[Date Prev][Date Next][Thread Prev][Thread Next][Date Index][Thread Index]
Re: Why does dired go through extra efforts to avoid unibyte names
From: |
Eli Zaretskii |
Subject: |
Re: Why does dired go through extra efforts to avoid unibyte names |
Date: |
Fri, 29 Dec 2017 21:17:29 +0200 |
> From: Stefan Monnier <address@hidden>
> Date: Fri, 29 Dec 2017 09:34:53 -0500
> Cc: address@hidden
>
> I bumped into the following code in dired-get-filename:
>
> ;; The above `read' will return a unibyte string if FILE
> ;; contains eight-bit-control/graphic characters.

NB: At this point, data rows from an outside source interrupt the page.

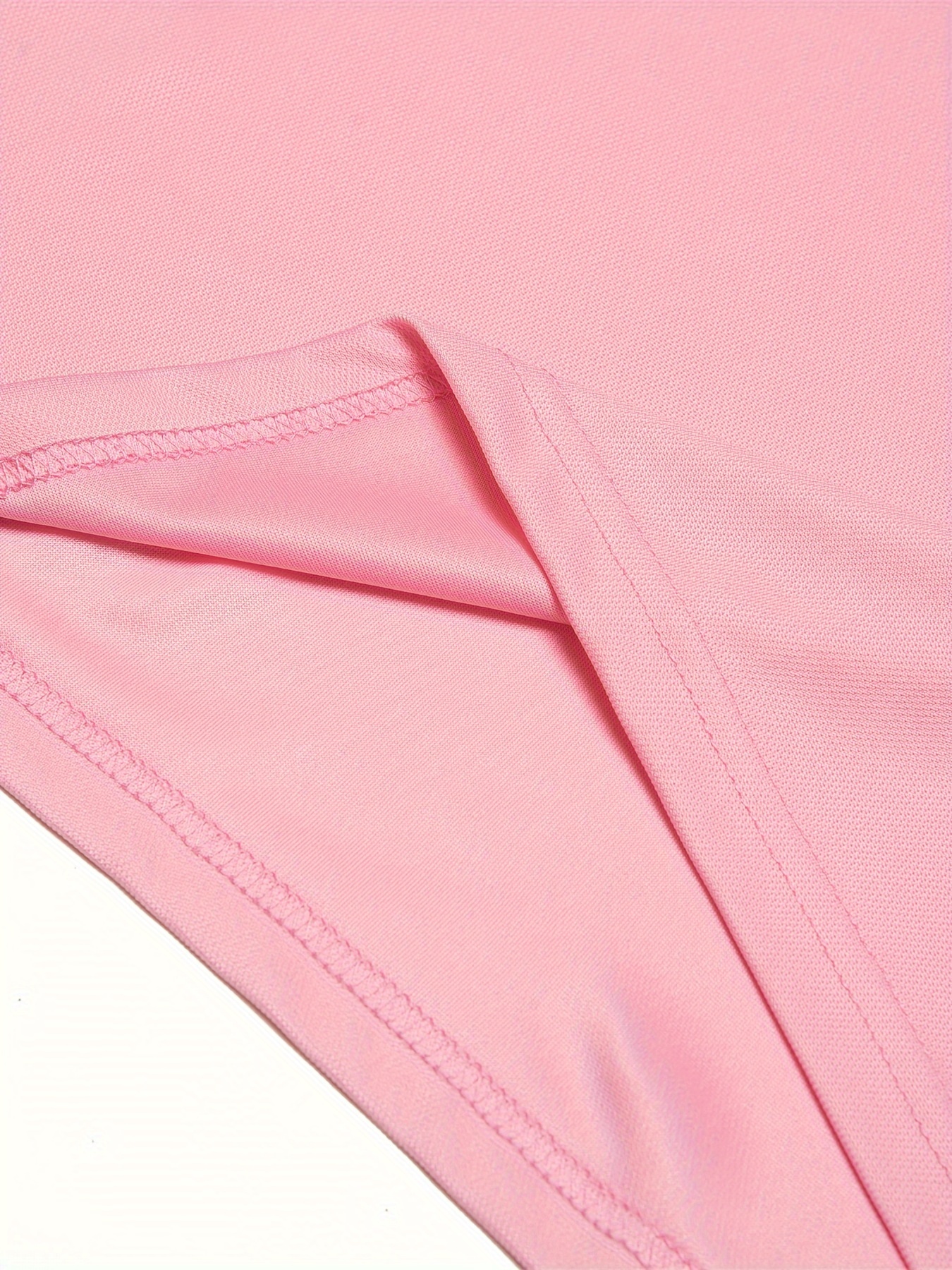 mens casual medium stretch sports short sleeve shirt details 24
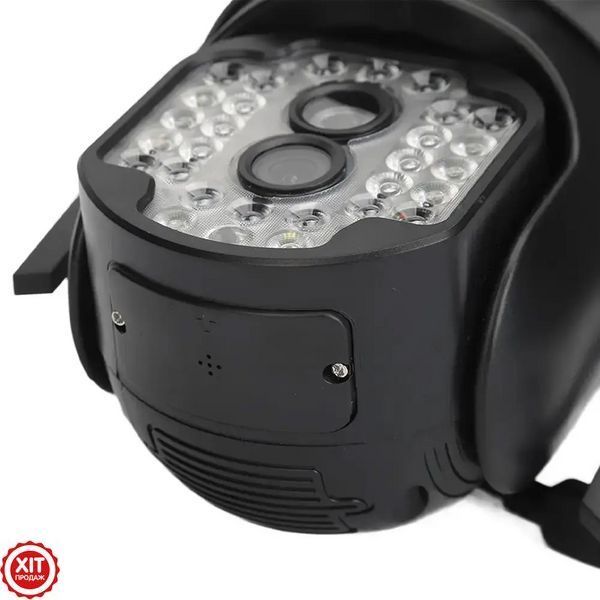 Вулична камера відеоспостереження 4G + Подарунок Карта пам'яті 64GB / Поворотна камера з датчиком руху  0234570916 фото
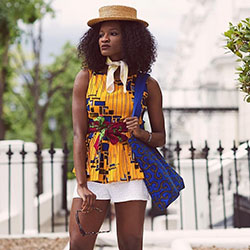 Lovely Printed Garments Ideas For Black Women: Ankara Dresses,  Ankara Fashion,  Ankara Outfits,  African Attire,  Colorful Dresses,  Ankara Inspirations  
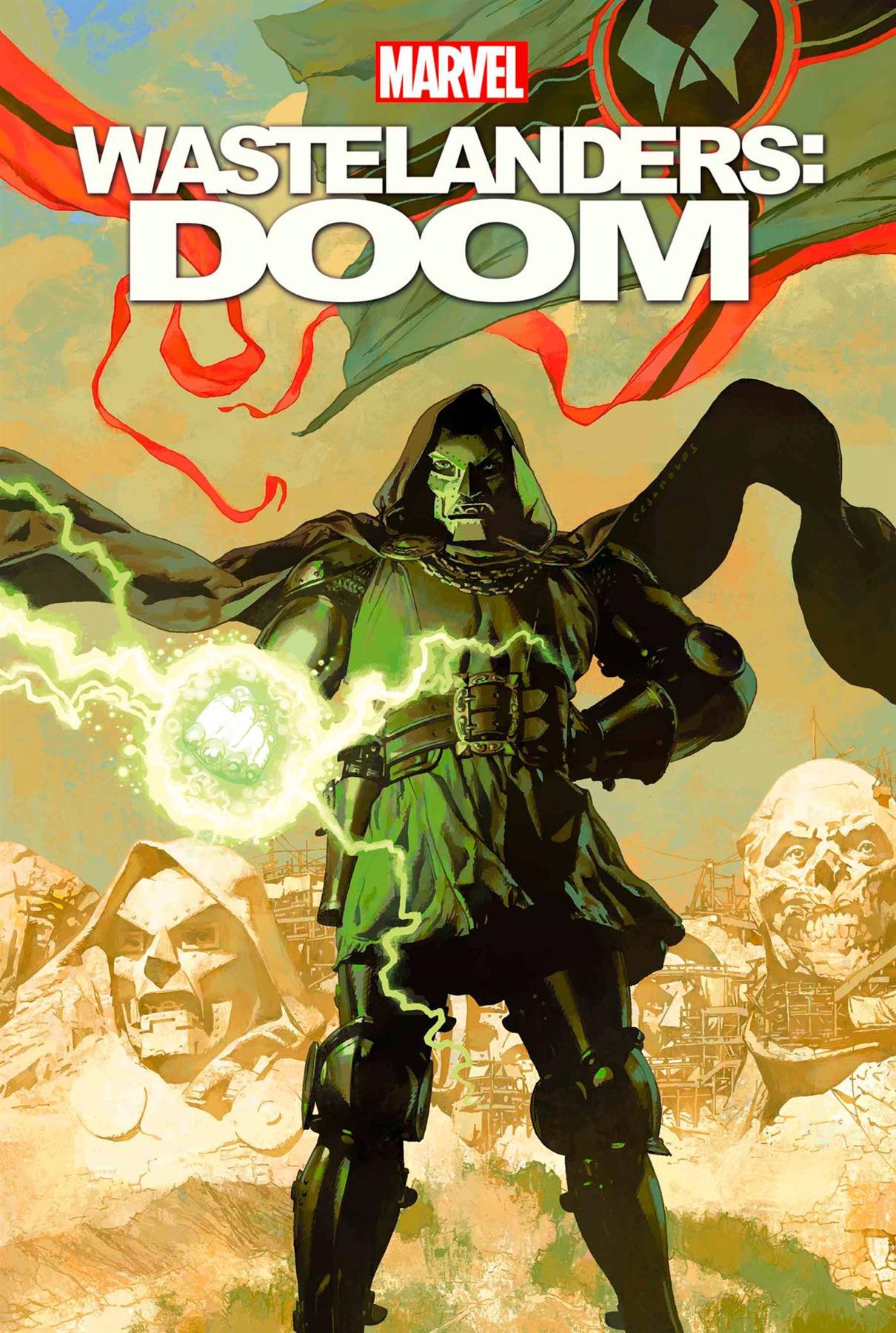 Wastelanders Doom #1 () Marvel Prh Comic Book 2021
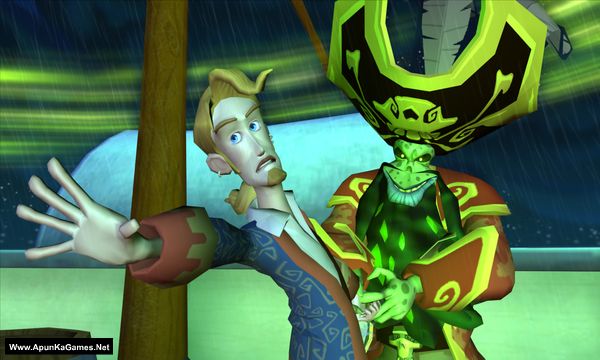 Tales of Monkey Island Screenshot 1, Full Version, PC Game, Download Free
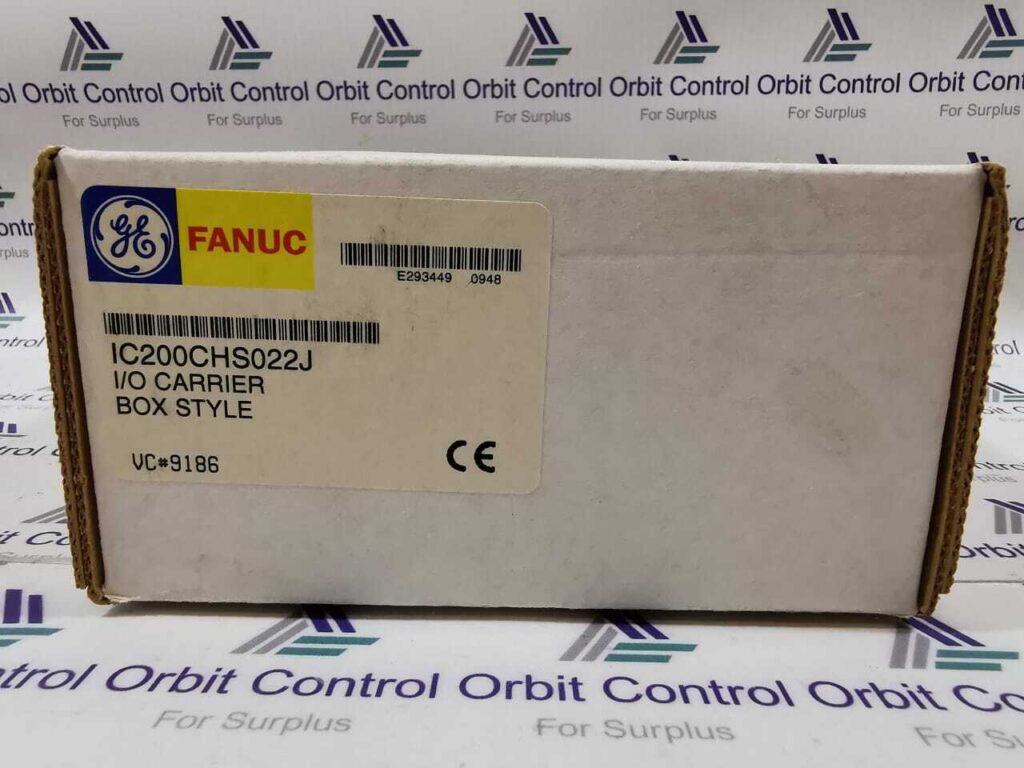 GE FANUC IC200CHS022J COMPACT I/O CARRIER – Boyut-Endustriyel - Foto 6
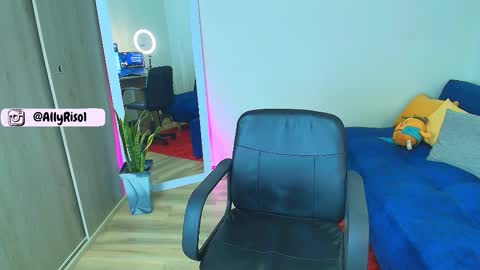 Snapshot of ally_riso chatting on 1, 3, 2025 Ally help me reach 100 satisfaid online show from 1, 3, 2025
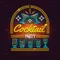 Cocktail Party Neon Sign - Custom Shot Glass Now
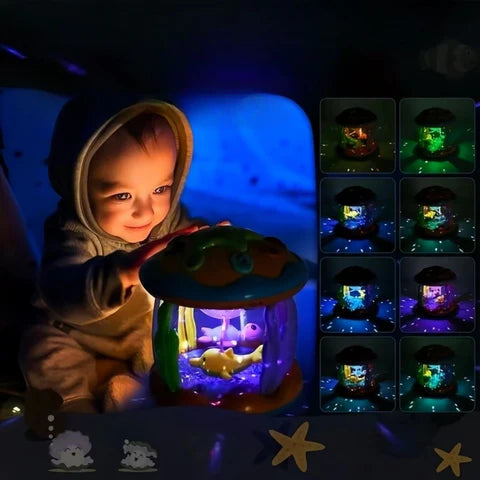 Veilleuse Musicale bébé |  OceanDreams™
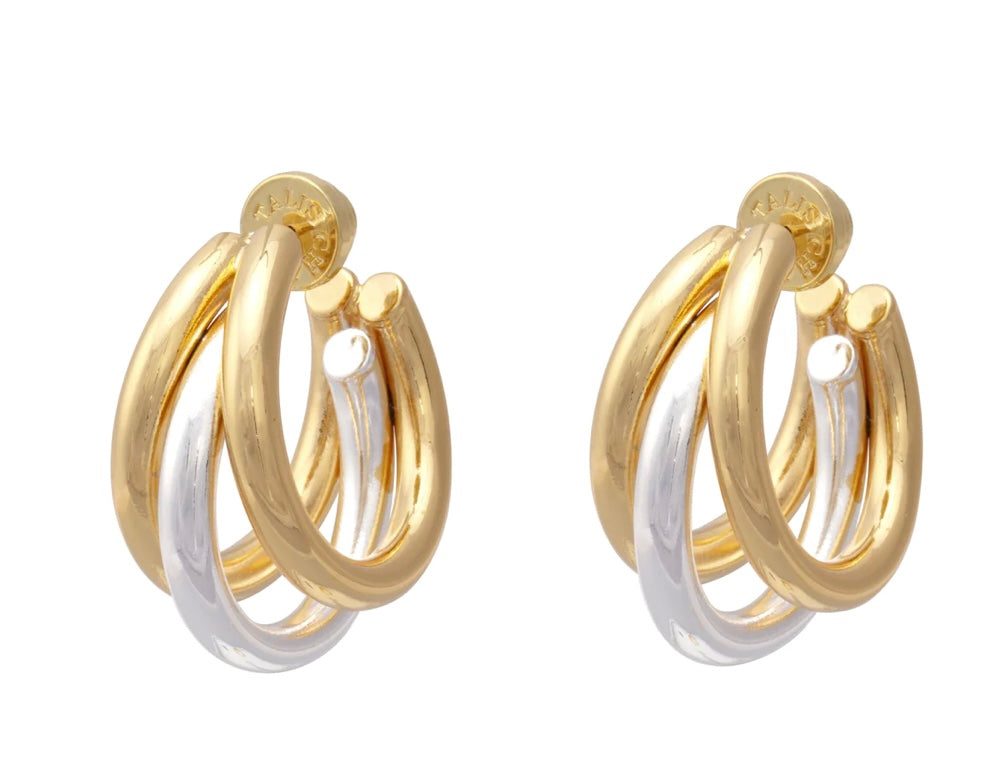 Talis Chains Claw Earrings Duo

> (if (and enable-multibyte-characters
> (not (multibyte-string-p file)))
> (setq file (string-to-multibyte file)))
>
> and I'm wondering why we don't want a unibyte string here.
> `vc-region-history` told me this comes from the commit appended below,
> which seems to indicate that we're worried about a subsequent encoding,
> but AFAIK unibyte file names are not (re)encoded, and passing them
> through string-to-multibyte would actually make things worse in this
> respect (since it might cause the kind of (re)encoding this is
> supposedly trying to avoid).
>
> What am I missing?
Why does it matter whether eight-bit-* characters are encoded one more
or one less time?
As for the reason for using string-to-multibyte: maybe it's because we
use concat further down in the function, which will determine whether
the result will be unibyte or multibyte according to its own ideas of
what's TRT?